In the garden, hyacinths may not look as floriferous the second or third year after planting them. While these look attractive in their own right, you may wish to encourage them to return to their original flowering form. To encourage this, make sure the foliage dies down naturally after flowering and give the bulbs a good feed with a potash-rich fertiliser. For bulbs that have been in the ground for more than a couple of years, it may be best to replace them.
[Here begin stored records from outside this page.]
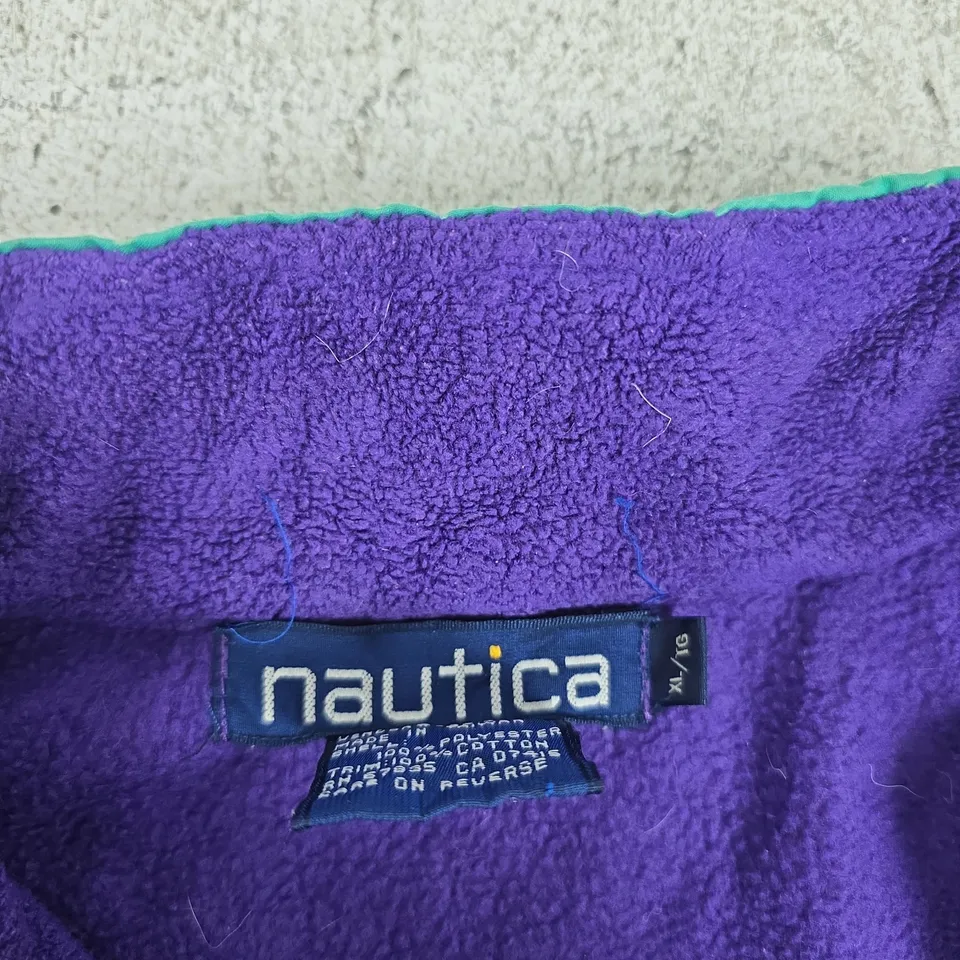 NAUTICA PURPLE FLEECE TOP, (XL)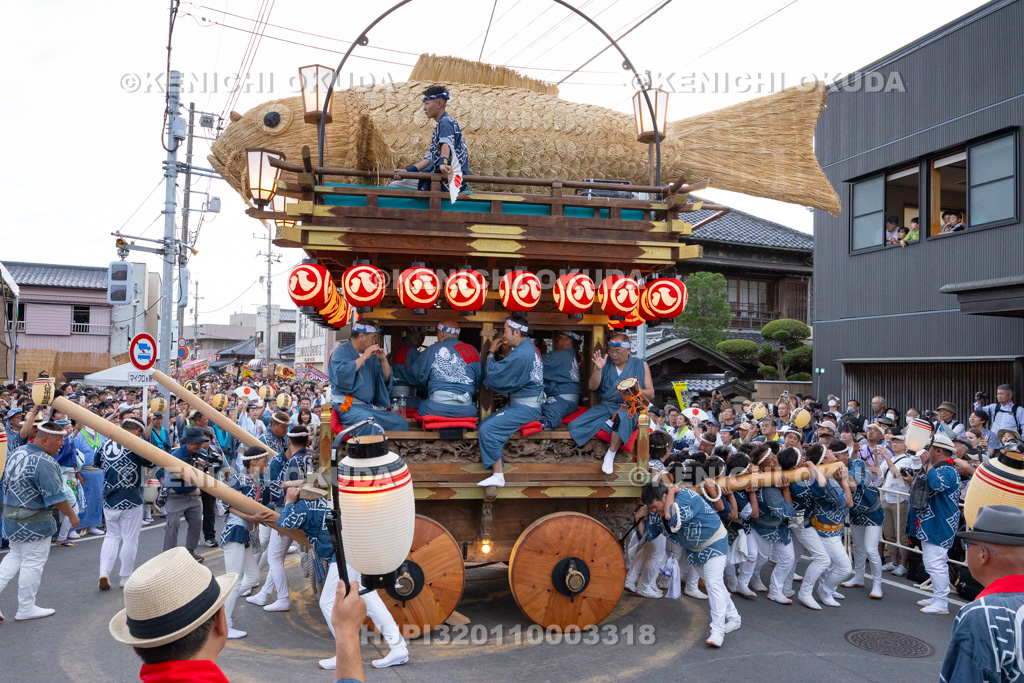 千葉県 佐原の大祭 夏祭り のの字廻し(八日市場)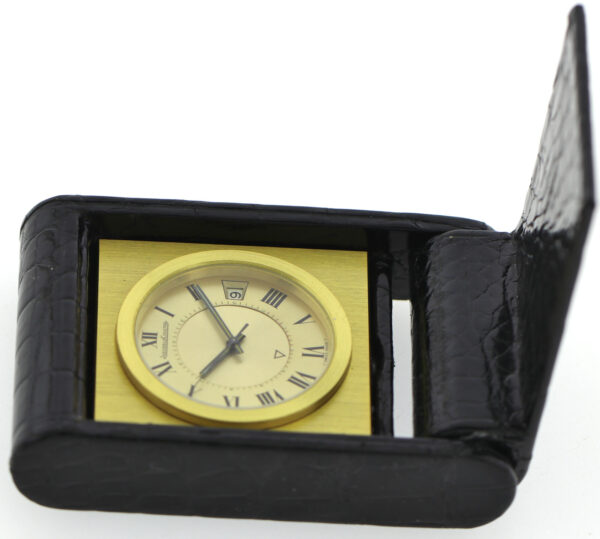 Jaeger-LeCoultre Memovox Reisuhr Alarm- Wecker Ref. 11302.71, 1989, Box, Papiere – Bild 8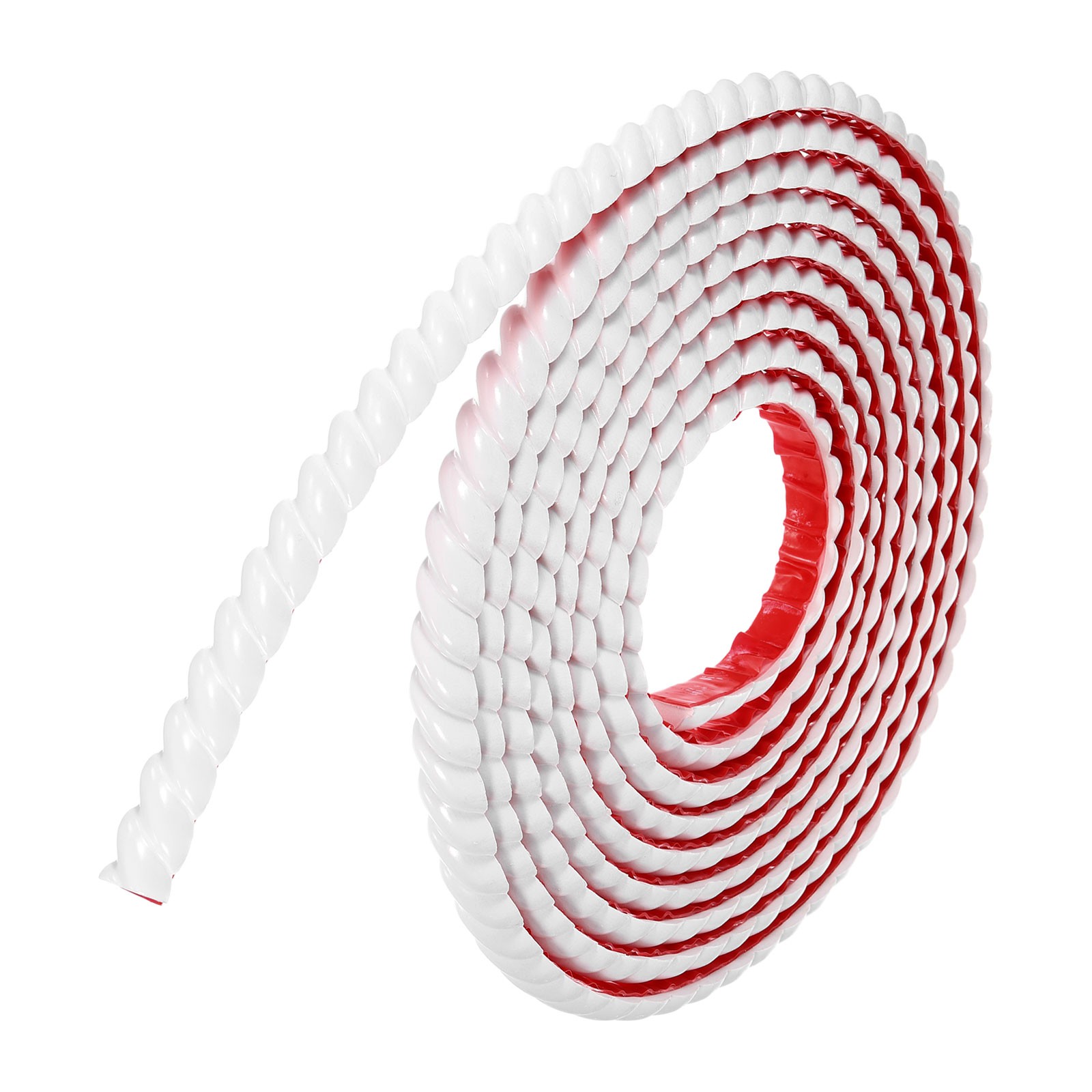 Flexible for Wall Trim Molding 16.4Ft x 0.79Inch Sticker, White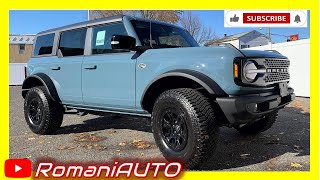 2023 Ford Bronco Wildtrack with FOX HOSS 30 Azure Gray Metallic TriCoat Wakaround [upl. by Drolyag]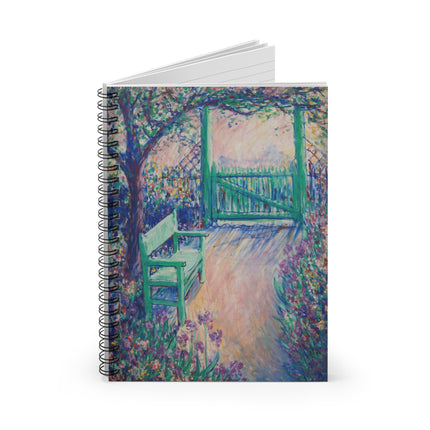 The Artist’s Garden by Theodore Earl Butler Spiral Notebook - Ruled Line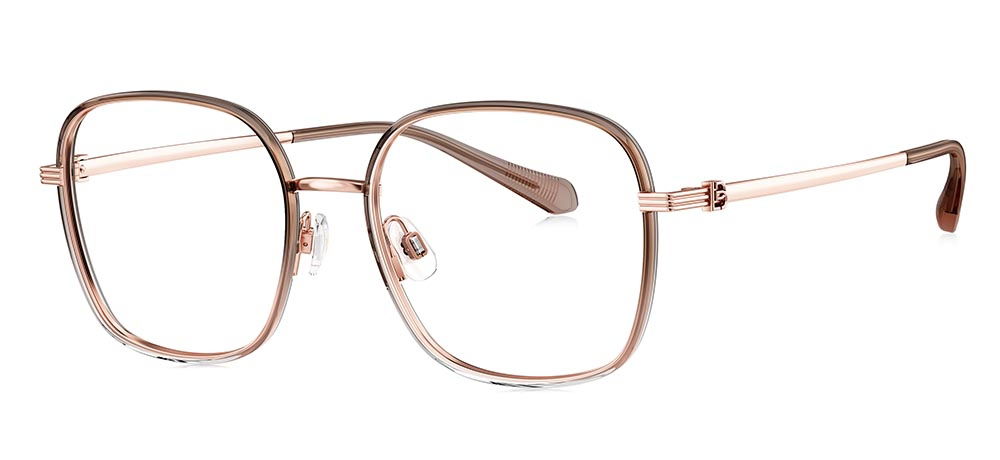 BOLON BA6021-B29 Optik Genç Kadın Köşeli Çerçeveli Titanyum - 2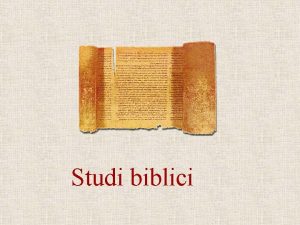 Studi biblici LEsodo e il libro dellEsodo 1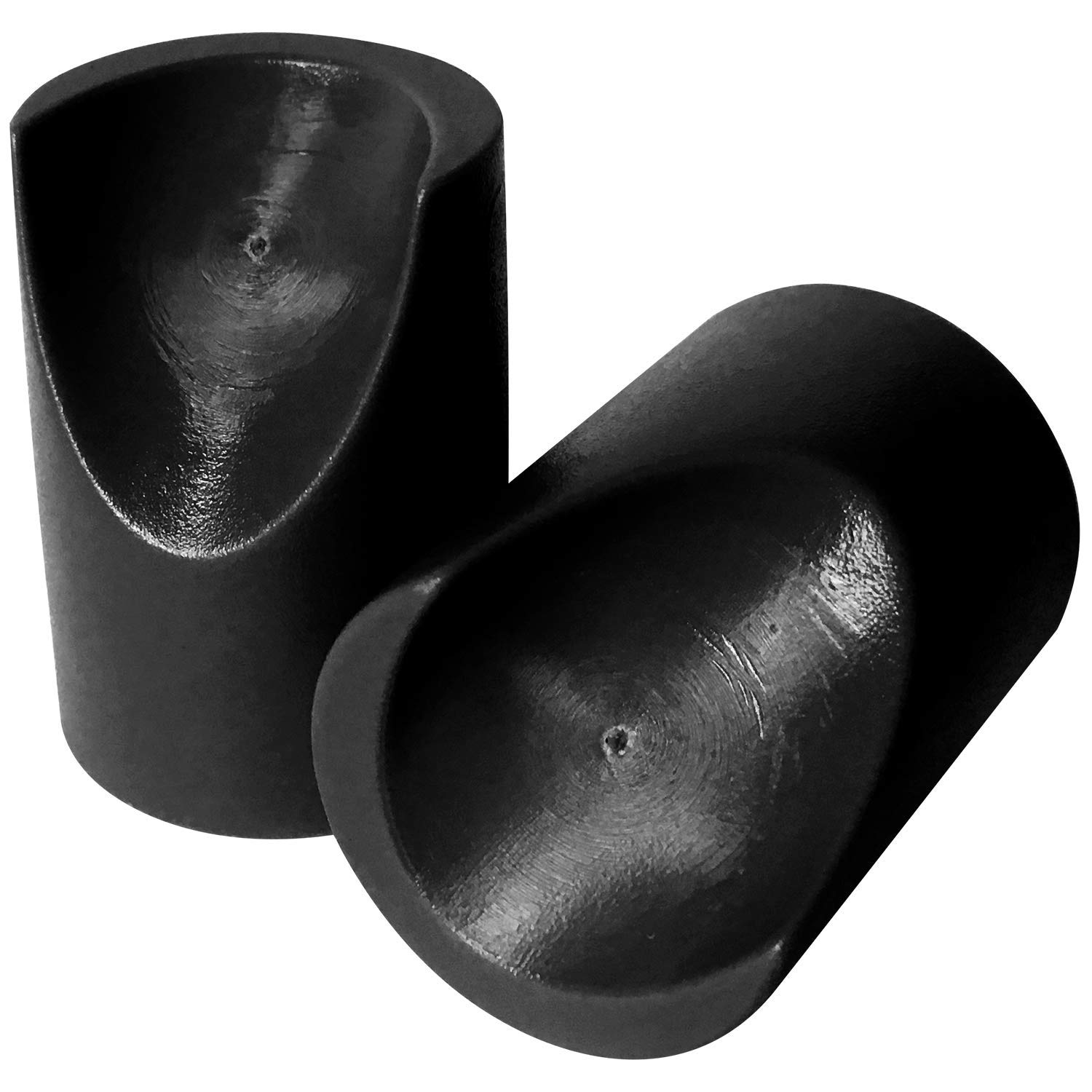 8 Pack Black Folding Chair V-Tip Stabilizer Caps - 7/8 Inch Inner Diameter Heavy Duty Nylon Leg Protectors, Non-Scratch Round Top Replacement Plugs for Metal & Padded Folding Chairs - Perfect for Home, Office, Restaurant and Event Use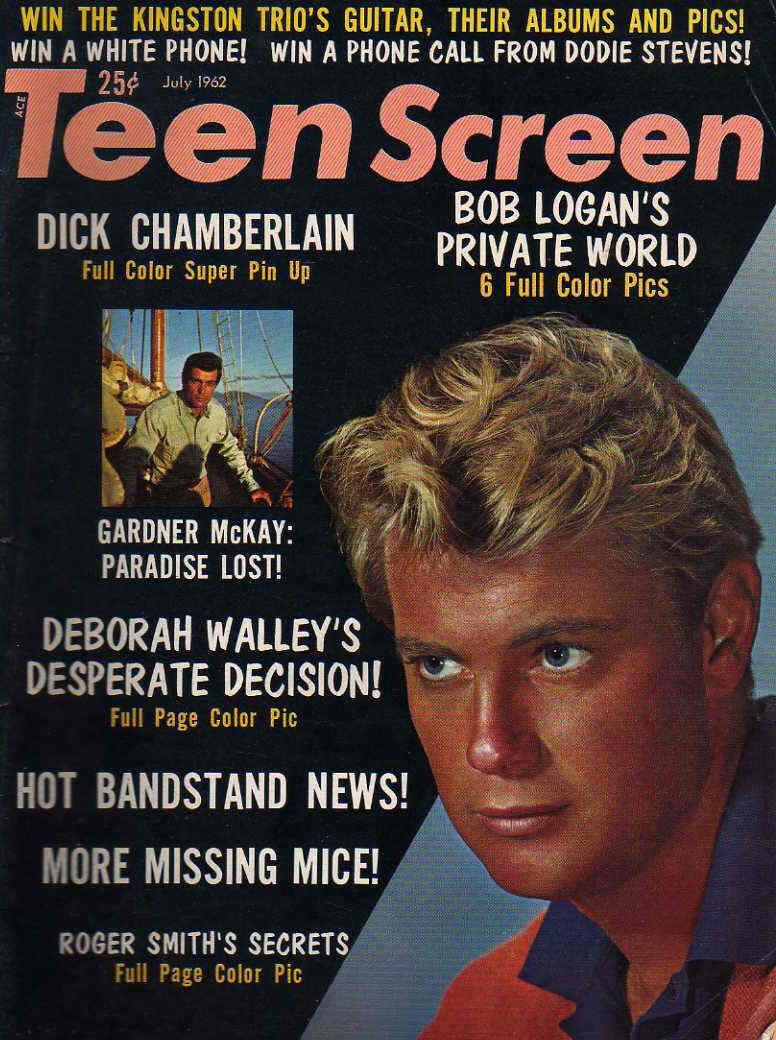 TEEN SCREEN magazine side cover  Vol 3 # 5 July 1962
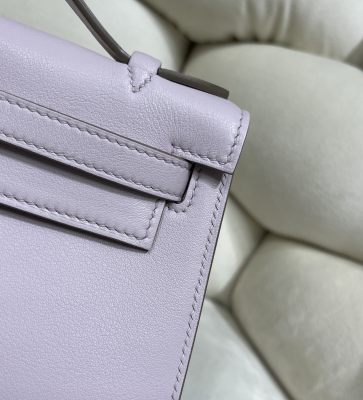  Handbags Hermes Kelly size:22 cm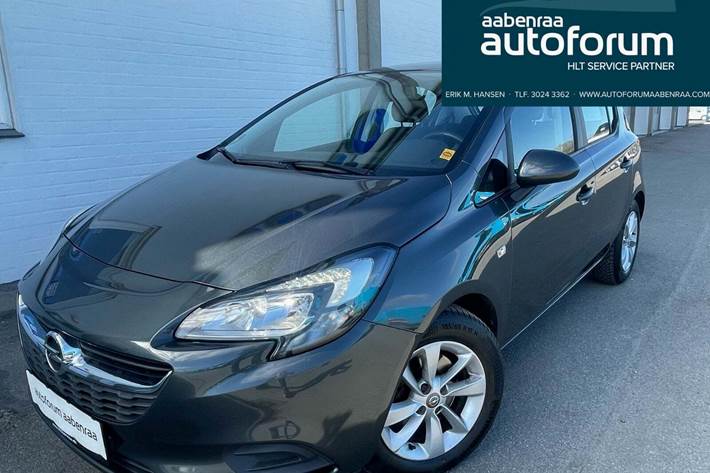 Grå Opel Corsa fra 2017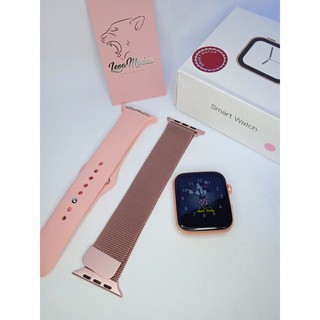 Smartwatch Iwo 13 max x8 + pulseira metalica Relogio inteligente Feminino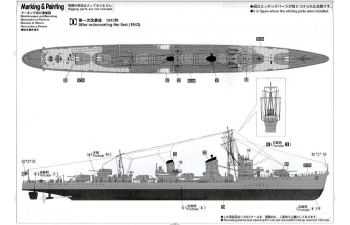 Сборная модель Эсминец ВМС Японии ISOKAZE "Super Detail", в комплект входит фототравление (Limited Edition)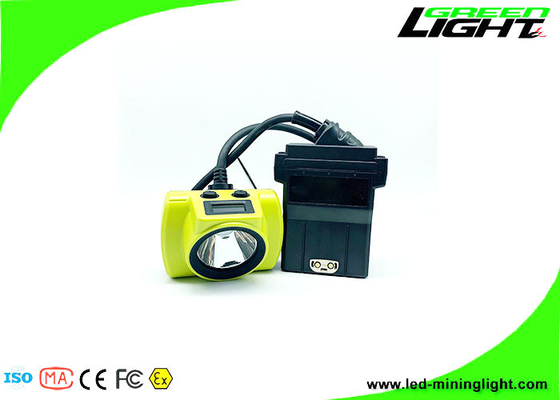 OLED 13.6Ah Recarregável LED Mining Lamp 25000 Lux Coal Miner Cap Light 18hrs de Longo Tempo de Funcionamento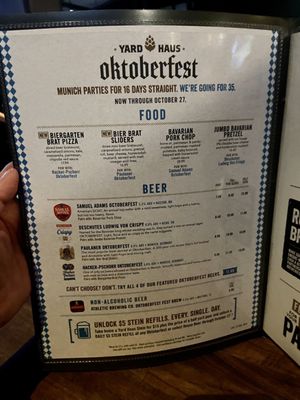 Menu photo 7 Yard House Oxnard, CA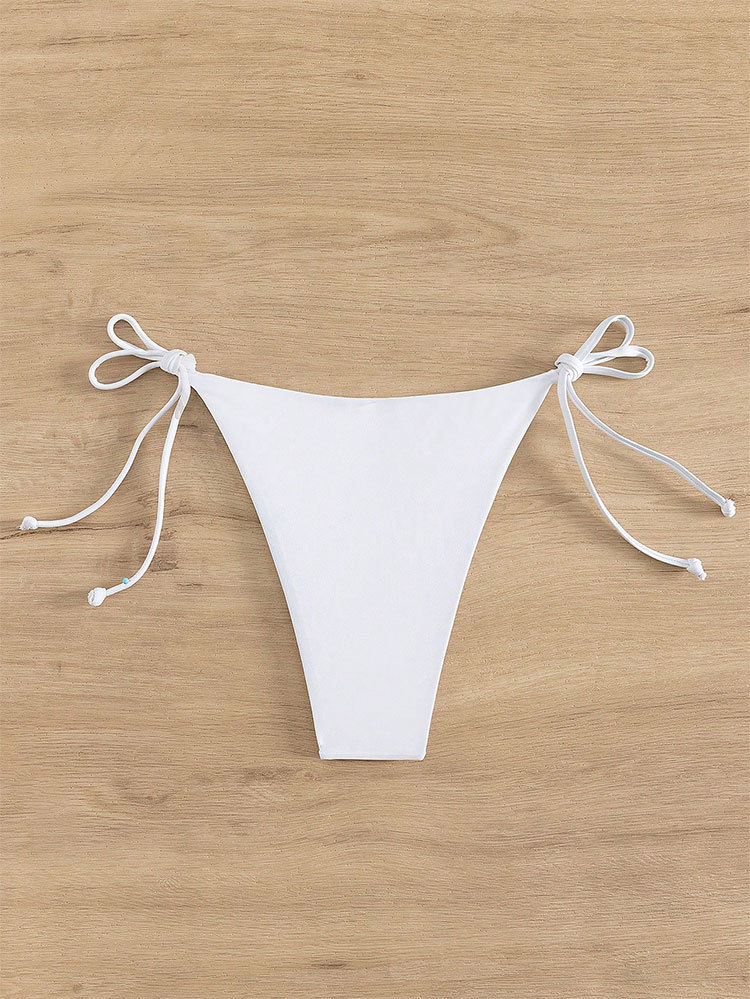 Women's Tie-Side Bikini Bottom High-Cut Swim Brief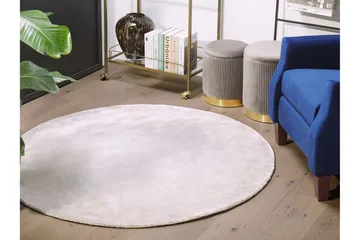 Brinckman Viskostæppe 140 cm Rund - Lysegrå - Tekstiler - Tæpper - Moderne tæppe - Viskosetæpper & kunstsilketæpper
Best hyacinth varieties to grow

Hyacinth ‘Delft Blue’

Hyacinthus orientalis 'Delft Blue' AGM
Hyacinthus ‘Delft Blue’

This stunning hyacinth variety gets its name from the Dutch city of Delft. The inky blue flowers are intensely fragrant. A good variety for growing outdoors beneath shrubs and trees.

Hyacinth ‘Amethyst’

Hyacinthus 'Amethyst'
Hyacinthus ‘Amethyst’

‘Amethyst’ has soft pink flowers with an intense scent. It looks beautiful growing in the border with spring-flowering pulmonarias and primulas.

Hyacinth ‘Blue Tango’

Hyacinthus 'Blue Tango'
Hyacinthus ‘Blue Tango’

‘Blue Tango’ is a double-flowered hyacinth related to ‘Royal Navy’ but with soft blue flowers instead. The blooms release a powerful fragrance, so it’s a lovely choice for growing indoors.

Hyacinth ‘Carnegie’

Hyacinthus 'Carnegie'
Hyacinthus ‘Carnegie’

The white flowers of ‘Carnegie’ are fabulous indoors or outdoors. Muscari, chionodoxa and forget-me-nots make ideal planting partners.

Hyacinth ‘Woodstock’

Hyacinthus 'Woodstock'
Hyacinthus ‘Woodstock’

‘Woodstock’ is a stunning variety with intense purple flowers – a shade rarely seen in hyacinths. It looks especially good when planted with contrasting colours, like pale yellow daffodils and white anemones. Richly scented.

Hyacinth ‘Fondant’

Hyacinthus 'Fondant'
Hyacinthus ‘Fondant’

This sweetly fragrant hyacinth has rose-pink flowers, borne in tight clusters. Try planting ‘Fondant’ with forget-me-nots and white or purple tulips to create a soft colour scheme.